### Directions
The expected result is the full listing, retyped exactly, without a single picture.

### Data provided
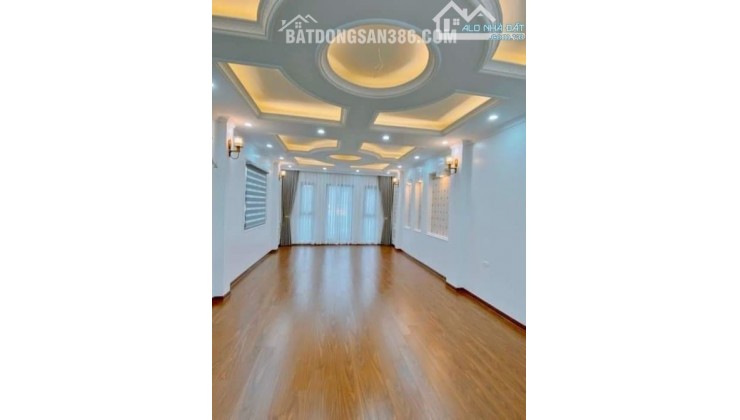 SIÊU PHẨM MẶT PHỐ TRỊNH ĐÌNH CỬU THANH XUÂN - 9 TẦNG THANG MÁY GIÁ CHỈ 28,5 TỶ.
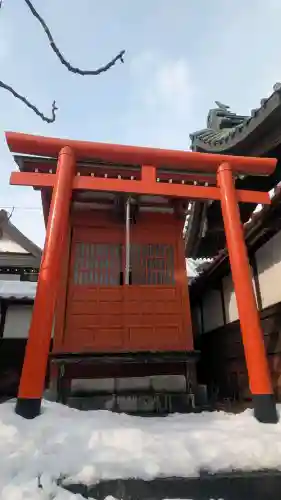 永泉寺の{uncategorized: "未分類", other: "その他", undefined: "問題あり", building: "その他建物", grave: "お墓", sacred_gate: "鳥居", guardian: "狛犬", statue: "像", buddha: "仏像", history: "歴史", nature: "自然", garden: "庭園", animal: "動物", pagoda: "塔", temizu: "手水舎", mountain_gate: "山門・神門", sanctuary: "本殿・本堂", subordinate: "末社・摂社", art: "芸術", scenery: "景色", jizo: "地蔵", ema: "絵馬", goshuin: "御朱印", omikuji: "おみくじ", items: "授与品その他", amulet: "お守り", goshuincho: "御朱印帳", eats: "食事", festival: "お祭り", votive_dance: "神楽", shichigosan: "七五三参", wedding: "結婚式", experience: "体験その他", initially: "初詣", around: "周辺", anti_infection: "感染症対策"}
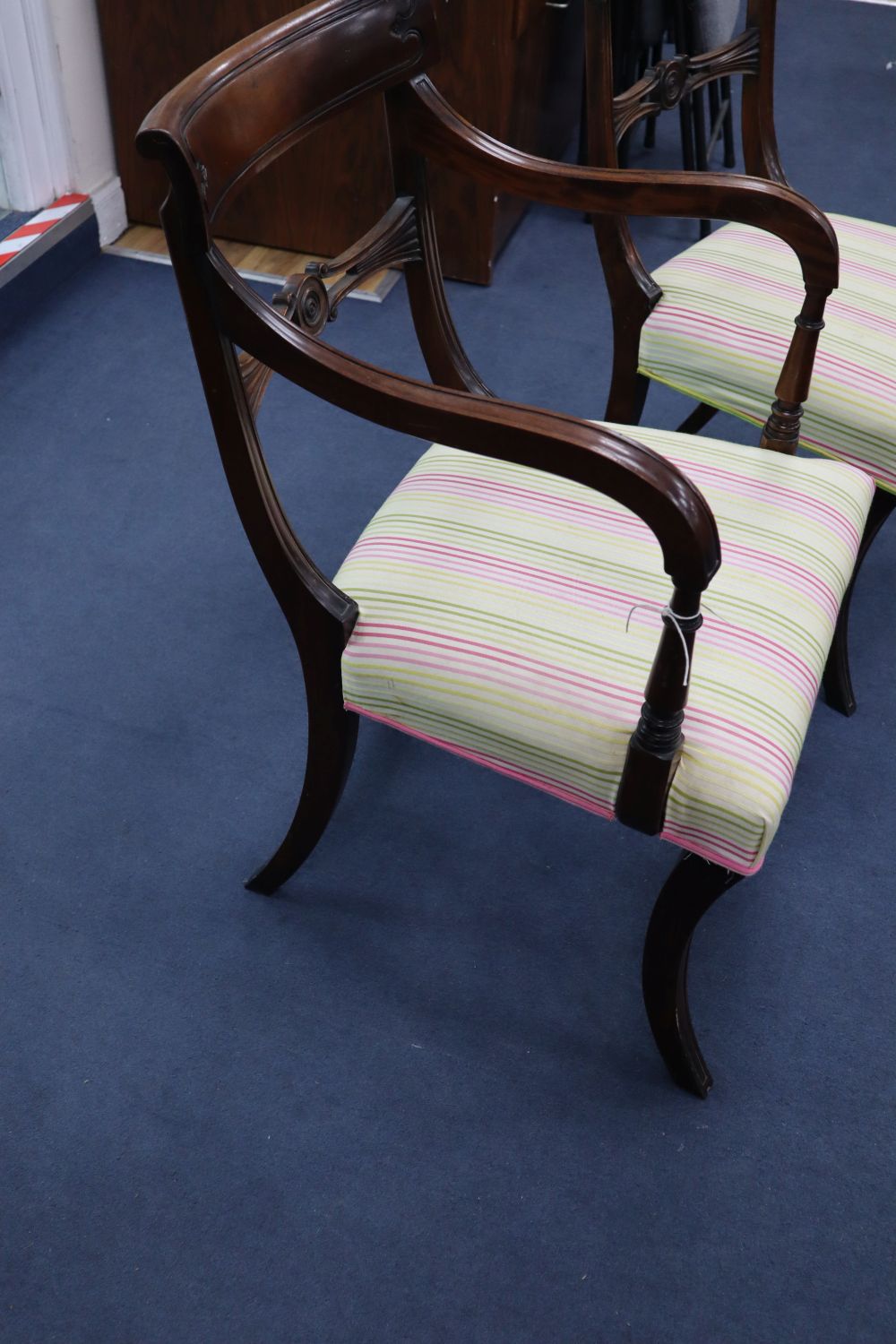 A set of eight Regency style mahogany dining chairs (six plus two) - Image 4 of 4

### Answer box
 SIÊU PHẨM MẶT PHỐ TRỊNH ĐÌNH CỬU THANH XUÂN - 9 TẦNG THANG MÁY GIÁ CHỈ 28,5 TỶ.
 永泉寺の{uncategorized: "未分類", other: "その他", undefined: "問題あり", building: "その他建物", grave: "お墓", sacred_gate: "鳥居", guardian: "狛犬", statue: "像", buddha: "仏像", history: "歴史", nature: "自然", garden: "庭園", animal: "動物", pagoda: "塔", temizu: "手水舎", mountain_gate: "山門・神門", sanctuary: "本殿・本堂", subordinate: "末社・摂社", art: "芸術", scenery: "景色", jizo: "地蔵", ema: "絵馬", goshuin: "御朱印", omikuji: "おみくじ", items: "授与品その他", amulet: "お守り", goshuincho: "御朱印帳", eats: "食事", festival: "お祭り", votive_dance: "神楽", shichigosan: "七五三参", wedding: "結婚式", experience: "体験その他", initially: "初詣", around: "周辺", anti_infection: "感染症対策"}
 A set of eight Regency style mahogany dining chairs (six plus two) - Image 4 of 4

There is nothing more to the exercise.